There’s a political law I’ve observed that bears a strong resemblance to my own, ultra-patented Corazon Theory (TM, baby). The Corazon Theory (TM, baby) bears a longer explication, but the basic notion is that the more authentic and tasty a Mexican restaurant, the higher the percentage of songs they play while you dine that contain the word "corazon." (That’s "heart" in Amurkan.) If in doubt about whether to spring for someone’s enchiladas, I just take a seat for a few songs and count up "corazons" until I hear a sufficient number to indicate high quality. So far it has served me very well indeed.
So the political version is the Unprecedented Theory.

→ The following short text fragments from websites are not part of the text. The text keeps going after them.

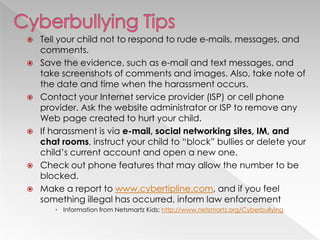    Tell your child not to respond to rude e-mails, messages, and
    comments.
   Save the evidence, such as e-mail and text messages, and
    take screenshots of comments and images. Also, take note of
    the date and time when the harassment occurs.
   Contact your Internet service provider (ISP) or cell phone
    provider. Ask the website administrator or ISP to remove any
    Web page created to hurt your child.
   If harassment is via e-mail, social networking sites, IM, and
    chat rooms, instruct your child to ―block‖ bullies or delete your
    child‘s current account and open a new one.
   Check out phone features that may allow the number to be
    blocked.
   Make a report to www.cybertipline.com, and if you feel
    something illegal has occurred, inform law enforcement
        Information from Netsmartz Kids: http://www.netsmartz.org/Cyberbullying
 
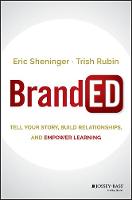 Eric C. Sheninger - BrandED: Tell Your Story, Build Relationships, and Empower Learning - 9781119244561 - V9781119244561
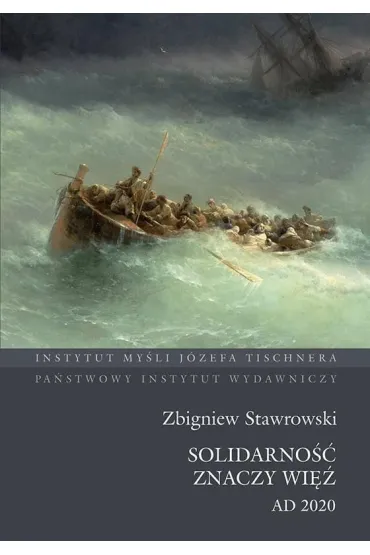 Solidarno�� znaczy wi� AD 2020 - Zbigniew Stawrowski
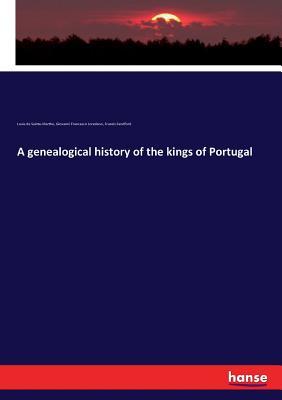 Read Online A genealogical history of the kings of Portugal - Louis de Sainte-Marthe file in ePub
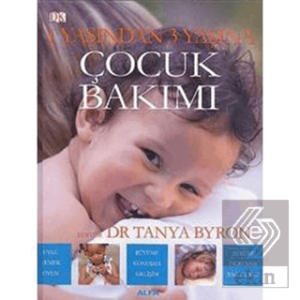1 Yaşından 3 Yaşına Çocuk Bakımı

You know a scandal is really hopping and the principals have a whole lot to hide when they trot out the term "unprecedented." It’s been heard every time someone has demanded that the White House gang cough up information. They dump as much as possible that’s irrelevant, then go around bragging about how they’ve released an "unprecedented" amount of material, and just what is it these evil Democrat people want, anyway [sniffle]? We give and give, and they take and take.
Of course, the 3,000 pages of email they’ve just dumped are now labelled "unprecedented." But you want your unprecedented? Here’s what I call unprecedented. Via TPM Muckraker, who are doing a bang-up job of covering the U.S. Attorneys scandal and went to the trouble of typing up the words of White House spokesman Tony Snow:
"The executive branch is under no compulsion to testify to Congress, because Congress in fact doesn’t have oversight ability."
I’ve long considered it gospel that the Bush administration really thinks democracy is far too untidy and that the president should be crowned emperor for life. But that’s what I call throwing down the gauntlet. Not sure where Tony Snow grew up, but it doesn’t sound likely that it was the home of the brave and the land of the free. Didn’t he take Civics class?
As a friend put it, "No oversight ability. That’s exactly why Nixon was allowed to serve out his term."
When this is all over with and Bush is back to clearing brush (at this point, could there possibly be any brush left within 40 miles of his "ranch?"), I hope some squint-eyed neighbor pauses from riding fences, gives Bush a nod and says, "Welcome to democracy, partner."